In its 2018 annual results, CYBG confirmed lenders were choosing to swallow the increases and take the hit on their margins.

Its results showed a 10 basis point fall in net interest margin to 2.17% which was “driven by the competitive front book pricing environment in mortgages”.

CYBG also acknowledged it had experienced issues with broker servicing around the start of 2018 which had hit its pipeline, but said these had been solved with normal levels of growth returning.

In all, around 80% of its £5.2bn mortgage sales during the year were completed through brokers, with market share rising slightly from 1.73% to 1.77%.

“In late 2017, we brought mortgage processing back onshore, as part of our customer journey improvement initiatives,” it said.

“Some servicing and fulfilment delays arose resulting in our broker pipeline build being lower than we had hoped, with mortgage growth slower around the third quarter of the financial year when we felt the impact of lower applications at the start of 2018.

“These issues are now resolved, with a return to a more normalised level of growth in the final quarter.”

CYBG added that the outlook for the UK lending market was more subdued than in recent years.

“In the mortgage market, economic uncertainty has reduced customer demand while competition has remained intense, resulting in a challenging pricing environment, with swap rate increases not being fully passed on to customer pricing,” it said.

“We expect to see strong competition for mortgages and deposits in the year ahead that will feed through into margin pressure.”

 

Fixed-rate deals favoured

CYBG’s loan book grew 4.5% to £24.5bn with the loan to value (LTV) of its mortgage portfolio rising slightly to 58.8% from 57.5%.
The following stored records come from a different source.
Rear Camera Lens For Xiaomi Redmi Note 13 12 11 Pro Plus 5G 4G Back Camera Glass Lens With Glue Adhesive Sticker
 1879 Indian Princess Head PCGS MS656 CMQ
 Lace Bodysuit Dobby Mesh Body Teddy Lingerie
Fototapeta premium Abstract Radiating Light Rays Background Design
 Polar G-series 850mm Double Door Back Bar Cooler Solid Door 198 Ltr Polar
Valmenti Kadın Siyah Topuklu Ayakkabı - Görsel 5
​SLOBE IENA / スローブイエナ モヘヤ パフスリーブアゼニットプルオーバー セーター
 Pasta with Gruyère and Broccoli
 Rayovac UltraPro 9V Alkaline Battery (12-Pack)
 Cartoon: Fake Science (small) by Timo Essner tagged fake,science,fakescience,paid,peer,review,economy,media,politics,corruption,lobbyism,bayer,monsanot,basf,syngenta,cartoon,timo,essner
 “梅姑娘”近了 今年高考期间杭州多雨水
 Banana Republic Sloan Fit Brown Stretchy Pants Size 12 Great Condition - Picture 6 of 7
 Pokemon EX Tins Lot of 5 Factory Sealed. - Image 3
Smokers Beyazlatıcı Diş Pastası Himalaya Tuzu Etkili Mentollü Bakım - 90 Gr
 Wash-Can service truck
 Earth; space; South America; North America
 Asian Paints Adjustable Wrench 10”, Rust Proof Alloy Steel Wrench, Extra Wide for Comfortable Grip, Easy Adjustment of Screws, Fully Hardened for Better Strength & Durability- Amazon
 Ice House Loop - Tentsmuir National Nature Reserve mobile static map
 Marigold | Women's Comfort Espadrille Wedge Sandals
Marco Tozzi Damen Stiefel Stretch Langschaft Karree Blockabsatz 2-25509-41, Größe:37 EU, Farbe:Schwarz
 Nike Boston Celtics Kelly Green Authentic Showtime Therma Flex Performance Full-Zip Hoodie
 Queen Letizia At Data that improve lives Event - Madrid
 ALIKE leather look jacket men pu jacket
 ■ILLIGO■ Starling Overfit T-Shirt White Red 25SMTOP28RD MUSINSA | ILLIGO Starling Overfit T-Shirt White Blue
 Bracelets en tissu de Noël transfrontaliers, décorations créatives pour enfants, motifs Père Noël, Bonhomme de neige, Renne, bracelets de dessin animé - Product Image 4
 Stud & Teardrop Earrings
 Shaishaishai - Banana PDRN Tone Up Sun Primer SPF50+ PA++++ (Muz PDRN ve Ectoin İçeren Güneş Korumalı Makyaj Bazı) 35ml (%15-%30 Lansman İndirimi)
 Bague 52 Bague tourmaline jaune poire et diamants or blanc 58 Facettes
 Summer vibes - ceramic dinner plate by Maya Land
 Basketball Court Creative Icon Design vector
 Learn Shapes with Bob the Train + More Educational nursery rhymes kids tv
It noted that customers were continuing to favour fixed rate mortgage products with its fixed rate book growing to 78% of total mortgage balances and accounted for 96% of mortgages drawn in the year.

Longer term fixed rate mortgages are growing more popular with five-year fixed mortgages now accounting for 27% of the portfolio, compared to 22% in 2017, it added.

The buy‐to‐let (BTL) property market has been more subdued with this falling from 33% to 31% of business.

 

Landmark year

CEO David Duffy, said it had been a landmark year for CYBG including the takeover of Virgin Money.

Underlying profit before tax was up 13% year-on-year to £331m but the group suffered a statutory loss after tax of £145m due to legacy payment protection insurance costs.

“In a competitive market, we have delivered an increase in underlying profits, returns and capital generation – all of which means we are delighted to recommend an increase to last year’s inaugural CYBG dividend, payable to all shareholders,” Duffy said.

“Clearly Brexit negotiations mean the external political and macro-economic environment remains inherently uncertain.

“We have planned for a period of uncertainty, but it is impossible to ignore the lower levels of business confidence, especially for SMEs, while the final specific outcome of negotiations remains unclear.”